Aerospatiale SA-330 Puma P2-PAZ (c/n 1459) in New Guinea (Nigel Apperley)
Country of origin:
Medium-lift utility helicopter
Two 1,175-kw (1,575-shp) Turbomeca IVC turboshafts
- Rotor diameter: 15.08 m (49 ft 2 ½ in)
- Fuselage length: 14.06 m (46 ft 1 ½ in)
- Height: 5.14 m (16 ft 10 in)
- Max speed: 262 km/h (163 mph)
- Max continuous cruising speed at sea level: 257 km/h (159 mph)
- Max inclined rate of climb: 426 m/min (1,400 ft/min)
- Hovering ceiling in ground effect: 2,230 m (7,315 ft)
- Max range with standard fuel: 550 km (342 miles)
- Empty weight: 3,615 kg (7,969 lb)
- Loaded weight: 7,500 kg (16,534 lb)
The Puma series of helicopters was designed and developed by the National Aerospatiale Company in France in the early 1960s to meet a requirement of the French Army for a medium-lift, twin-engine, helicopter. In this role the Puma could accommodate a crew of two and sixteen troops.
The prototype was flown for the first time on 15 April 1965 powered by 1,268-kw (1,700-shp) Turbomeca Makila turboshafts, and the type was immediately ordered for the French Army, with the first production batch being known as the SA 330B. After discussions with the British Government, the Puma then became one of three helicopters included in an Anglo-French co-production agreement, and the type entered service with the British Army. This model became known as the SA-330E, and differed only slightly from the French model. Both models, the SA 330B and 330E, were powered by two 991-kw (1,328-shp) Turbomeca Turmo III C4 turboshafts.
The Puma was also developed for the civil medium-lift role, and the prototype of this model, the SA 330F, fitted with two 1,175-kw (1,575-shp) Turbomeca IVCC turboshafts, was flown for the first time on 26 September 1969. The SA 330F was marketed mainly in the passenger role, and could carry a crew of two and sixteen passengers. It has seen work with commuter airlines, and with oil companies for off-shore oil-rig work; or with eight to twelve passengers in the VIP role. In the civil cargo role the SA 330C, a special freight variant, could lift 3,000 kg (6,600 lb) under the fuselage on an internally mounted sling. This variant had Turmo III C4 turboshafts, and was later replaced on the production line by the 330G with Turmo IVC engine.

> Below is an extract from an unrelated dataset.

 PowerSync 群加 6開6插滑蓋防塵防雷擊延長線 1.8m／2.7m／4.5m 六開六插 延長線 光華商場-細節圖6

Further development led to the SA 330G, the 330J for the passenger role, and the 330L, another cargo variant, which had newer technology main rotors of composite construction and a higher certificated gross weight. The type has been very popular around the world, and a number have been operated in this region on off-shore oil rig work by Bristow Helicopters, a British company, and Lloyds Helicopters. Aircraft registered include SA 330Js: VH-BHO (c/n 1526) registered in January 1979 and exported to Malaysia as 9M-SSI in January 1981. It later returned as VH-WOA (ex 9M-SSI, G-BFSV, VH-BHO, G-PFSV). Others have included VH-WOB (c/n 1472 – ex-G-BERG); VH-WOC (c/n 1475 – ex –G-BERI); VH-WOD (c/n 1478 – ex G-BFEU); and VH-WOF (c/n 1508 – ex G-BFKZ).